Notwithstanding any other provision of these Bylaws, the Corporation shall not carry on any other
activities not permitted to be carried on:
(i)            by a corporation exempt from Federal income tax under section 501(c)(3) of the Internal
Revenue Code (or corresponding section of any future United States Internal Revenue Code), or
(ii)          by a corporation, contributions to which are deductible under section 170(c)(2) of the
Internal Revenue Code (or corresponding section of any future United States Internal Revenue Code).
         Section 2. General Objectives & Purposes: The Corporation is organized to conduct any lawful
business and engage in any lawful act or activity consistent with Federal and State law, including the
Delaware Non-Profit Corporation Act (the “Act”), and such other laws governing not-for-profit, Delaware
corporations exempt from Federal income tax under Section 501(c)(3) of the Internal Revenue Code (the
“Code”).
         Section 3. Specific Objectives & Purposes: The specific purpose of this corporation is to
Promote Higher Education across Disciplines through research based blended learning approach by
means of distance education, online, e-campus, RPL for regular & Honorary Awards & Titles, through
Collaboration by International Affiliations & Partnership.
                                      ARTICLE IV: MEMBERSHIP
         Secion 1.: The qualification for membership to the corporation shall be open to all those who
subscribe to the purposes listed in Article III, Section 1 above. Membership to the corporation shall
require submitting duly signed details as requested and required in the membership application form.
Membership shall not be denied for non-payment of annual membership fees but such non-payment may
result in restricted enjoyment of membership benefits offered by the corporation. Non-paying members
shall have no voting rights in the elections of the corporation’s Board of Directors, officers,
administrators or other elected designees.
         Secion 2.: Members 18 years and older who have paid their annual membership dues shall have a
right to vote in the corporation’s Board of Directors, officers, administrator or other designees elections
for the year in which such member has paid his/her dues.
                                  ARTICLE V: BOARD OF DIRECTORS
         Section 1.: The business and affairs of this corporation shall be managed by its Board of
Directors. Each director shall be elected for a term of one year, and until his successor shall qualify or
until his earlier resignation or removal.
         Section 2. Regular Meetings: Regular meetings of the Board of Directors shall be held without
notice according to the schedule of the regular meetings of the Board of Directors which shall be
distributed to each Board member at the first meeting each year.
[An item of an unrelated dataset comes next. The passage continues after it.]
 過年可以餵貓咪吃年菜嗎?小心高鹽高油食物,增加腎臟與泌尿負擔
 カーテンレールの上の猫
The regular meetings shall be held either
at the registered office of the corporation, or at such other place as shall be determined by the Board.
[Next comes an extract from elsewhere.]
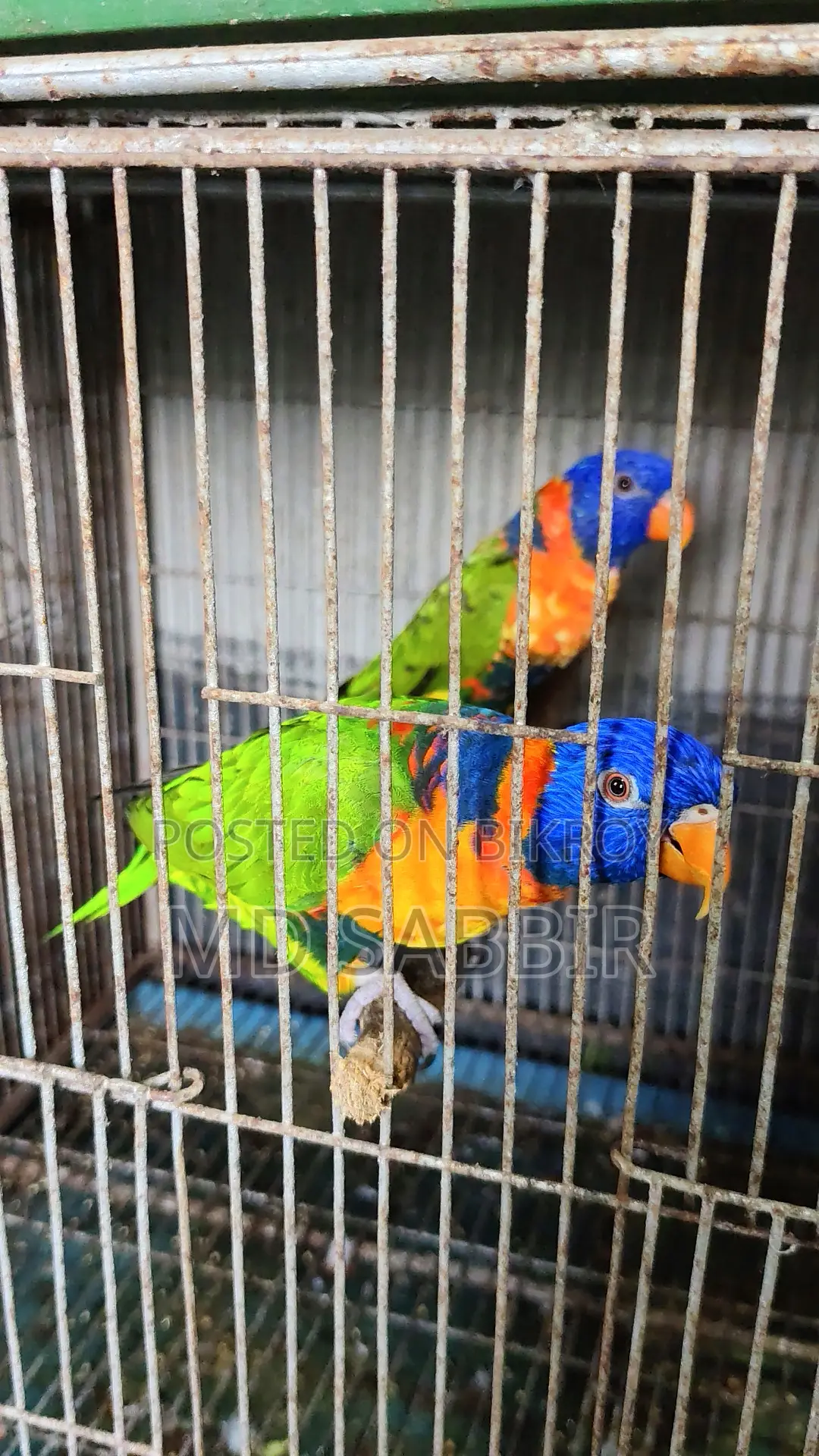 রেড কলারড লরিকিট জোড়া পেপারসহ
Regular meetings shall not be required if deemed unnecessary by the Board.
         Section 3. Special Meetings: Special meetings of the Board of Directors may be called by the
Chairman of the Board of Directors on 5 days notice to all directors, either personally or by mail, courier
service, E-Mail or telecopy; special meetings may be called by the President or Secretary in like manner
and on like notice by written request to the Chairman of the Board of Directors.
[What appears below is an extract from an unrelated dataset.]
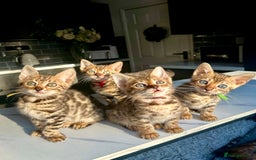 Bengal cats for sale: 4 tiger cub bengal girls for sale  - Advert 12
         Section 4. Quorum: A majority of the total number of directors shall constitute a quorum of any
regular or special meetings of the Directors for the transaction of business.
         Section 5. Consent in Lieu of Meeting: Any action required or permitted to be taken at any
meeting of the Board of Directors, or of any committee thereof, may be taken without a meeting if all
members of the Board or committee, as the case may be, consent thereto in writing, and the writing or
writings are filed with the minutes of proceedings of the Board or committee. The Board of Directors
may hold its meetings, and have an office or offices anywhere in the world, within or outside of the state
of Delaware.
         Section 6. Teleconferencing: Directors may participate in a meeting of the Board, of a
committee of the Board, by means of voice conference telephone or video conference telephone or similar
communications equipment by means of which all persons participating in the meeting can hear each
other. Participation in this manner shall constitute presence in person at such meeting.
         Section 7. Vacancies: Any vacancy occurring caused by the death, resignation, removal,
disqualification, or otherwise, in the Board of Directors or any Directorship to be filled by reason of an
increase in the number of Directors may be filled by the Board of Directors. A Director selected to fill a
vacancy shall serve the remaining, unexpired term of his or her predecessor in office. Vacancies may be
filled or new Directorships created and filled at any meeting of the Board of Directors.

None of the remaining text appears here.